Гиббс понимающе улыбнулся:

– Хорошо, рассказывайте, какой у вас багаж, кроме того, что в трюме?

Наше уважение мистером Гиббсом чрезвычайно возросло, когда мы увидели, с какой легкостью он провел нас с нашим имуществом через таможню, меж тем как остальные пассажиры были заняты горячими дискуссиями с таможенниками в белой форме. Из порта нас быстро провезли по обсаженным деревьями красивым улицам Буэнос-Айреса и поселили в чудесной квартире миссис Гринслет с видом на гавань. Добрейшая хозяйка состояла в дружбе с Ларри Даррелом и весьма неразумно вызвалась принять нас у себя, когда мы прибудем, о чем у нее было предостаточно поводов жалеть впоследствии. А еще Ларри снабдил нас целым списком людей, с которыми нам следовало связаться, и главное место среди них занимала некая сеньора Бебита Феррейра.

– Вы просто обязаны познакомиться с этой милейшей женщиной и передать, что я буду любить ее до гроба, – сказал он. – Она спасла мой рассудок в Аргентине.

После таких слов нам оставалось только подчиниться. Когда Джерри позвонил Бебите Феррейре, она пригласила нас к себе на ленч. В ту пору, в 1954 году, такси относилось к числу наиболее неуловимых предметов, и мы скоро усвоили, что надо либо ждать свободную машину полчаса, либо следовать пешком к месту назначения. Правда, на этот раз нам повезло, мы прождали всего четверть часа и на весьма ломаном испанском языке попросили отвезти нас в Калль-Посадос. Квартира Феррейры стала для нас спасительным прибежищем на те восемь месяцев, что мы провели в Южной Америке, а сама Бебита – нашим ангелом-хранителем, буквально творившим чудеса. Ей ничего не стоило найти пристанище для коллекции зверей или уговорить сердитого таксиста подвезти шестерку черношеих лебедей. Для нее не существовало невыполнимых задач, и к кому бы она ни обращалась, все это были прелестные, кроткие, милые люди – во всяком случае, в общении с ней.

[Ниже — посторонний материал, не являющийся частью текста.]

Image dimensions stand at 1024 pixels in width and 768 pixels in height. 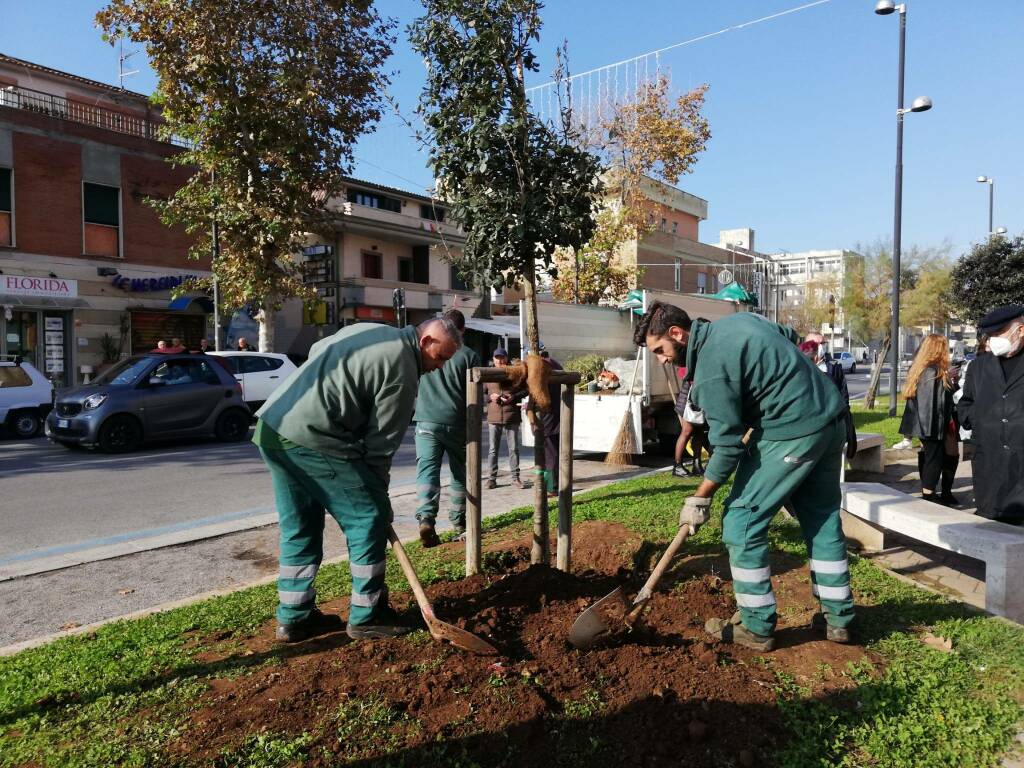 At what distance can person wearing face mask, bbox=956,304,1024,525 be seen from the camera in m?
4.77

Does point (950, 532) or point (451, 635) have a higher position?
point (950, 532)

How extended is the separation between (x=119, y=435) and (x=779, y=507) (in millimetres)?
10806

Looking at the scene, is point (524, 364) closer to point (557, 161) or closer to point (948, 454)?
point (557, 161)

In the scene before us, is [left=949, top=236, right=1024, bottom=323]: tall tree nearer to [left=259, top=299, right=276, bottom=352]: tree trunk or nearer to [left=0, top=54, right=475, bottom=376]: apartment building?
[left=0, top=54, right=475, bottom=376]: apartment building

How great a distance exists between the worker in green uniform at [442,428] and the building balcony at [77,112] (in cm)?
1773

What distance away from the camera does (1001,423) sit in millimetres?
4863

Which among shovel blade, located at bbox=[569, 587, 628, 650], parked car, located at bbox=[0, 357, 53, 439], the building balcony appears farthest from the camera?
the building balcony

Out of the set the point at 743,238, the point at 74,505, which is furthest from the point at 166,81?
the point at 743,238

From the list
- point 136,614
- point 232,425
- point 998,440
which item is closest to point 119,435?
point 232,425

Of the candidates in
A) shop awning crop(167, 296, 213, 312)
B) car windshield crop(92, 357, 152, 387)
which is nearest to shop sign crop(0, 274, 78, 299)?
shop awning crop(167, 296, 213, 312)

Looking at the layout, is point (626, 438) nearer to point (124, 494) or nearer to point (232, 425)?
point (124, 494)

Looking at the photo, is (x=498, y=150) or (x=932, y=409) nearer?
(x=498, y=150)

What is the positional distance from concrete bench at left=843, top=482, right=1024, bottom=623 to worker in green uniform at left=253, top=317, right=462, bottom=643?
330 centimetres

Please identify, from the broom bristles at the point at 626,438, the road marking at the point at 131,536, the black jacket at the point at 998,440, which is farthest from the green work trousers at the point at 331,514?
the broom bristles at the point at 626,438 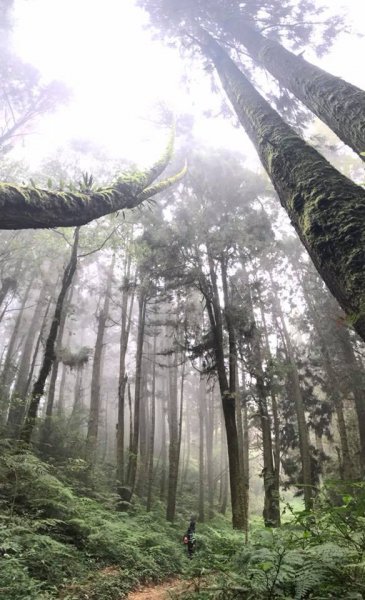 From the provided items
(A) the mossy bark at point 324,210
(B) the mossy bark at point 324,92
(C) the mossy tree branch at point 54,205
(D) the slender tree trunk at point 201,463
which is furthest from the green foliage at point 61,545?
(B) the mossy bark at point 324,92

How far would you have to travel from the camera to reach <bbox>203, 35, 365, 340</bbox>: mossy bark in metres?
2.14

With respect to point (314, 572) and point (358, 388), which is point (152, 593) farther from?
point (358, 388)

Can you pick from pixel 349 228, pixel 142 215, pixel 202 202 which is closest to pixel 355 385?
pixel 202 202

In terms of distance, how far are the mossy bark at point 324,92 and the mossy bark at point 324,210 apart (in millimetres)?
978

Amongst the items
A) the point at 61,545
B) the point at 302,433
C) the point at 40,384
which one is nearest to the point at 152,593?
the point at 61,545

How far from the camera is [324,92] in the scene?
5496 millimetres

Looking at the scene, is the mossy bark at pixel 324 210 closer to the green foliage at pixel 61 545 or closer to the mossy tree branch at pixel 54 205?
the mossy tree branch at pixel 54 205

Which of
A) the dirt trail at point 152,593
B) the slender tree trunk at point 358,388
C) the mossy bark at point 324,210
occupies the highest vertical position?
the slender tree trunk at point 358,388

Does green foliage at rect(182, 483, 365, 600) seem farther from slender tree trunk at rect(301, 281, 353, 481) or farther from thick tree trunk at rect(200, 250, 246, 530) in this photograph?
slender tree trunk at rect(301, 281, 353, 481)

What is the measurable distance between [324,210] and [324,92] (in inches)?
155

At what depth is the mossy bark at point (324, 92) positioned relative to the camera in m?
4.66

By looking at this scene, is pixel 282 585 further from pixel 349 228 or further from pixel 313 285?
pixel 313 285

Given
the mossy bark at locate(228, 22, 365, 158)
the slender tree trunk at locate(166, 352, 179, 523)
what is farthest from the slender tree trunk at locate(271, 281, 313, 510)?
the mossy bark at locate(228, 22, 365, 158)

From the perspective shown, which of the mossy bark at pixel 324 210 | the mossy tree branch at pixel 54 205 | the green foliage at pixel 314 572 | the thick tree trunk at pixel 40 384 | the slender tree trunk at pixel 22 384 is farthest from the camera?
the slender tree trunk at pixel 22 384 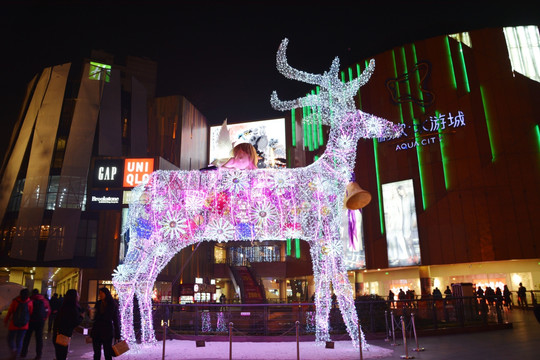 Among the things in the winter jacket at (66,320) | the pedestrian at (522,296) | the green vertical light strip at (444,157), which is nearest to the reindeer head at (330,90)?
the winter jacket at (66,320)

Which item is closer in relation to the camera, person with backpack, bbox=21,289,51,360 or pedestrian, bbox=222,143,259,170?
person with backpack, bbox=21,289,51,360

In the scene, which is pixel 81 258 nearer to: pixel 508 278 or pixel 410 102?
pixel 410 102

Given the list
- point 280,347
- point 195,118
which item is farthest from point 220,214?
point 195,118

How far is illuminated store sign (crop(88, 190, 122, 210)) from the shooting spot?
77.0 ft

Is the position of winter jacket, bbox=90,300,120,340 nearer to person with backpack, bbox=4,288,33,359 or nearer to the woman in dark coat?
the woman in dark coat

Квартира сеньоры Феррейры была восхитительна – тихая и прохладная, и хозяйка явно заботилась о том, чтобы все вкусы гостей были удовлетворены – кругом лежали журналы и книги о современном искусстве, литературе, музыке, балете, а в маленькой гостиной стоял рояль, на котором были разложены ноты. Но больше всего наше внимание привлек висящий на одной стене большой портрет удивительно красивой женщины в роскошной шляпе с перьями, сидящей перед роялем.

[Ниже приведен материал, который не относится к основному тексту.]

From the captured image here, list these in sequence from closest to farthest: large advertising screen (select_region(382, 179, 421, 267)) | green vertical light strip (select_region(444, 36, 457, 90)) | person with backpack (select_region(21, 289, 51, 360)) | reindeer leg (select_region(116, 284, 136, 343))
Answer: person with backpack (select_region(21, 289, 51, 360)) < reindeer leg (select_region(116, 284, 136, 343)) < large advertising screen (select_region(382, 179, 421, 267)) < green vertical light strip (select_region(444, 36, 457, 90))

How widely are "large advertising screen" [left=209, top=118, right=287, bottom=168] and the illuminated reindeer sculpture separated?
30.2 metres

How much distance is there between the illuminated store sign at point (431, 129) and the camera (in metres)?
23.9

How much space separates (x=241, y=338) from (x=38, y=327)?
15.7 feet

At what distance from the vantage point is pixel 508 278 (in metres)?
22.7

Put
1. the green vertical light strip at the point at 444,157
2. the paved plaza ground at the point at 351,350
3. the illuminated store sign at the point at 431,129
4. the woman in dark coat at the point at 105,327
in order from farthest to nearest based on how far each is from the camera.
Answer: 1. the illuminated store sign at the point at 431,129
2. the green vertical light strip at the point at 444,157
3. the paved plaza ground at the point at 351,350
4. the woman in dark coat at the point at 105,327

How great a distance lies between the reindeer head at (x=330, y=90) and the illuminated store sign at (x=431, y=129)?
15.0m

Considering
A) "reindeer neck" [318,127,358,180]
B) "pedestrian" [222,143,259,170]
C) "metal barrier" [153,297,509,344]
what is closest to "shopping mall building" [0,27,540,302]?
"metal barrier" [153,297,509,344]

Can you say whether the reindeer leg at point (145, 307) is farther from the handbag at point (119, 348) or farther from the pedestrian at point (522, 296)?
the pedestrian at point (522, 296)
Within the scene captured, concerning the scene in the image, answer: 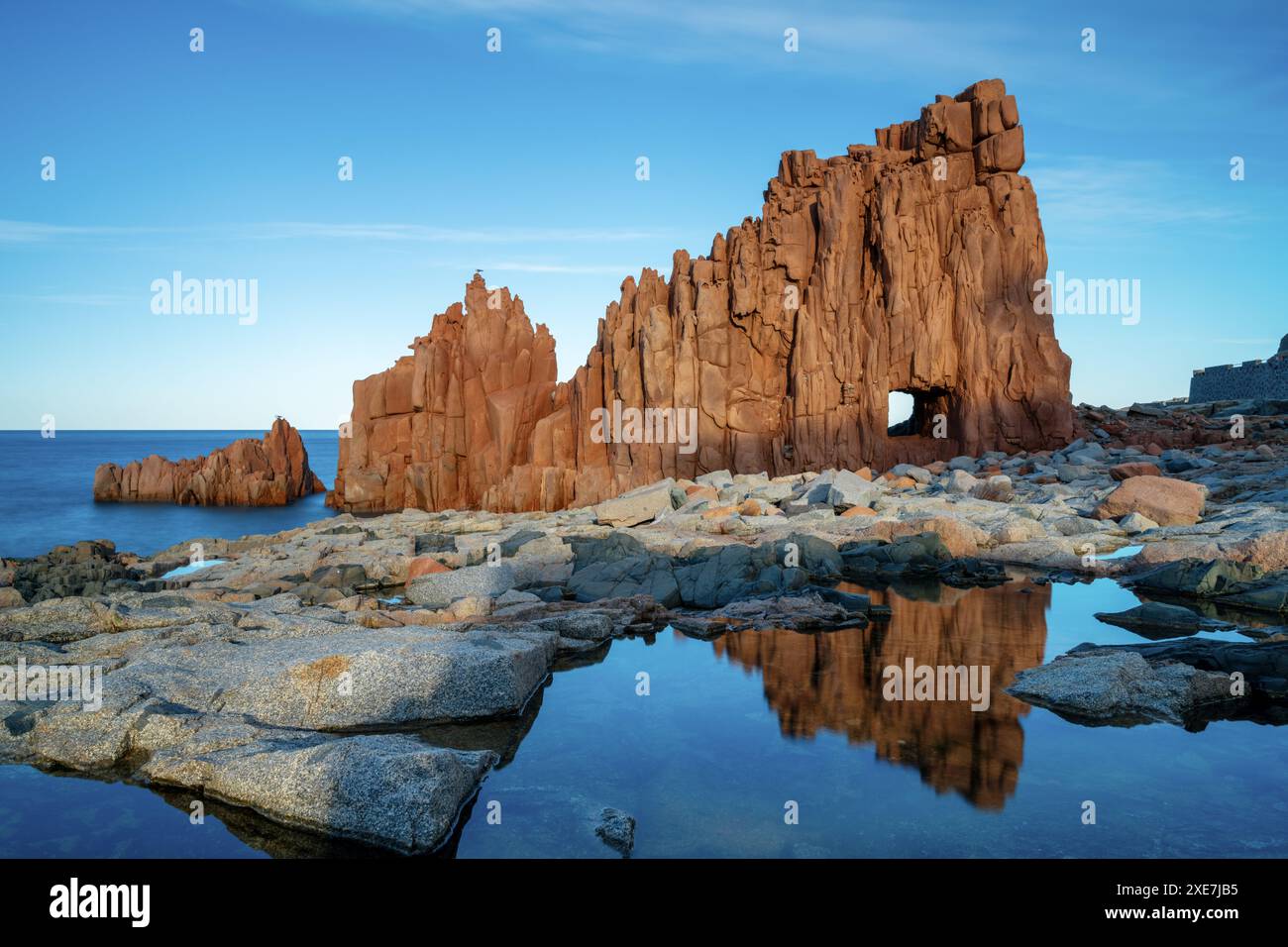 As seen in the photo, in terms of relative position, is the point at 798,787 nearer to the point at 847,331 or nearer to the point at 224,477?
the point at 847,331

– Уверена – это не она, – сказала я.

– Почему же, – возразил Джерри. – Была такой когда-то, только не теперь.

В эту минуту появилась сеньора Феррейра – еще краше своего изображения.

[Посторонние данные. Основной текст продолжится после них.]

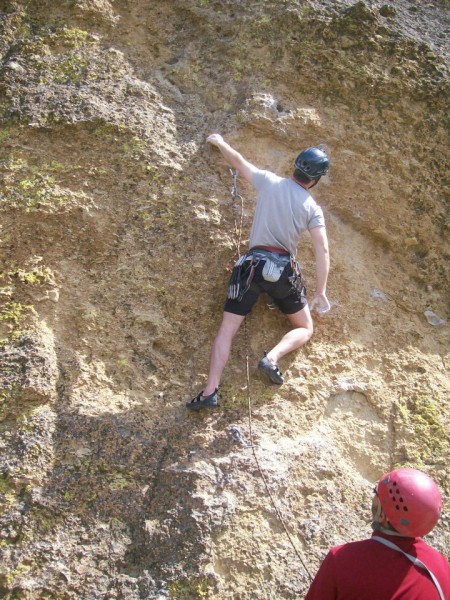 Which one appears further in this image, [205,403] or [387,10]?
[387,10]

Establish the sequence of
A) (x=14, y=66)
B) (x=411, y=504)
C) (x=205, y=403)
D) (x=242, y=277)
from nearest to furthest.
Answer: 1. (x=411, y=504)
2. (x=205, y=403)
3. (x=242, y=277)
4. (x=14, y=66)

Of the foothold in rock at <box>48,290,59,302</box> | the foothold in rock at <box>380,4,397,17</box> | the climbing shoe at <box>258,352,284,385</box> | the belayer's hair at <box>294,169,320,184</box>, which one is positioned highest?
the foothold in rock at <box>380,4,397,17</box>

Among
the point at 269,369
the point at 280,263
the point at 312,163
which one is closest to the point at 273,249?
the point at 280,263

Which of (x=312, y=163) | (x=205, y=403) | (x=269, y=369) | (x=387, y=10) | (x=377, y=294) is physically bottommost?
(x=205, y=403)

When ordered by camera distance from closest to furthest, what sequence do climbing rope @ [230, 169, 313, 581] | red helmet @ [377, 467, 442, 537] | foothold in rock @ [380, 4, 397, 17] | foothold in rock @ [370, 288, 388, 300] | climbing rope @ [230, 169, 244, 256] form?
red helmet @ [377, 467, 442, 537] < climbing rope @ [230, 169, 313, 581] < climbing rope @ [230, 169, 244, 256] < foothold in rock @ [370, 288, 388, 300] < foothold in rock @ [380, 4, 397, 17]

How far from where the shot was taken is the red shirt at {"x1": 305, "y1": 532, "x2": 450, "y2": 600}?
2.54m

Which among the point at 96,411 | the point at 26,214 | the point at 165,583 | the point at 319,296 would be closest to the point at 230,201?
the point at 319,296

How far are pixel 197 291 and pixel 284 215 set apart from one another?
2.74 ft

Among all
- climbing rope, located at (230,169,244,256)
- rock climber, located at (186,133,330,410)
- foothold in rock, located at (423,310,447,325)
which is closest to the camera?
rock climber, located at (186,133,330,410)

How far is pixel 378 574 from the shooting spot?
8.41 feet

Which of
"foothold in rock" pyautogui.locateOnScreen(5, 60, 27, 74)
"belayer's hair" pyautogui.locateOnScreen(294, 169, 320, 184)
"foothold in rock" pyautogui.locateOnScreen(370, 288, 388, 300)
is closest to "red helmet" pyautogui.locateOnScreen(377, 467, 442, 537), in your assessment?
"belayer's hair" pyautogui.locateOnScreen(294, 169, 320, 184)

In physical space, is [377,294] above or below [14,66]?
below

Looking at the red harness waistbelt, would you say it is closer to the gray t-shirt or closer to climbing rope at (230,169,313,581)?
the gray t-shirt

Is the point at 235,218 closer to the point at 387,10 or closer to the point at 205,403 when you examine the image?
the point at 205,403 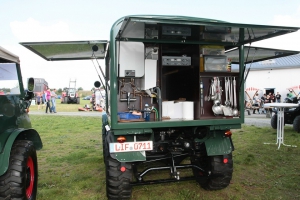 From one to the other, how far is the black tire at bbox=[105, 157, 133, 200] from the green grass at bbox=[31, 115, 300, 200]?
1.54 ft

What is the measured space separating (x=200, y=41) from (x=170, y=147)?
5.60ft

– Я Б-б-бебита Феррейра, счастлива видеть вас. Ларри мне столько рассказывал про вас, Джерри, когда служил здесь в представительстве Британского совета.

– Извините, что мы к вам вторгаемся, – ответил Джерри, – но Ларри настаивал на том, чтобы мы зашли.

– Ну-н-ну конечно. Я была бы очень обижена, если бы вы не появились у меня. Как поживает душка Ларри?

– Просил передать, что будет любить вас до гроба и надеется скоро увидеть вас в Европе.

– Пошли, дети, идем к столу, и вообще приходите сюда в любое время, я охотно помогу вам всем, чем смогу.

Наши планы включали посещение Чили, чтобы добыть там кое-каких птиц для коллекции Питера Скотта в Слимбридже, но все тот же услужливый деятель из транспортного агентства не удосужился предупредить, что мы окажемся в Южной Америке в разгар отпусков, когда невозможно купить билеты на самолет. Негодующий Даррел излил свою душу Бебите.

– А куда еще вы хотели бы попасть, Джерри?

– Ну, при нынешнем положении дел это может быть непросто, но хотелось бы выбраться в Парагвай и попытаться поймать гигантского броненосца.

– Возможно, кое-что удастся сделать, – улыбнулась Бебита. – Завтра я переговорю с моим братом, Боем, потом позвоню вам.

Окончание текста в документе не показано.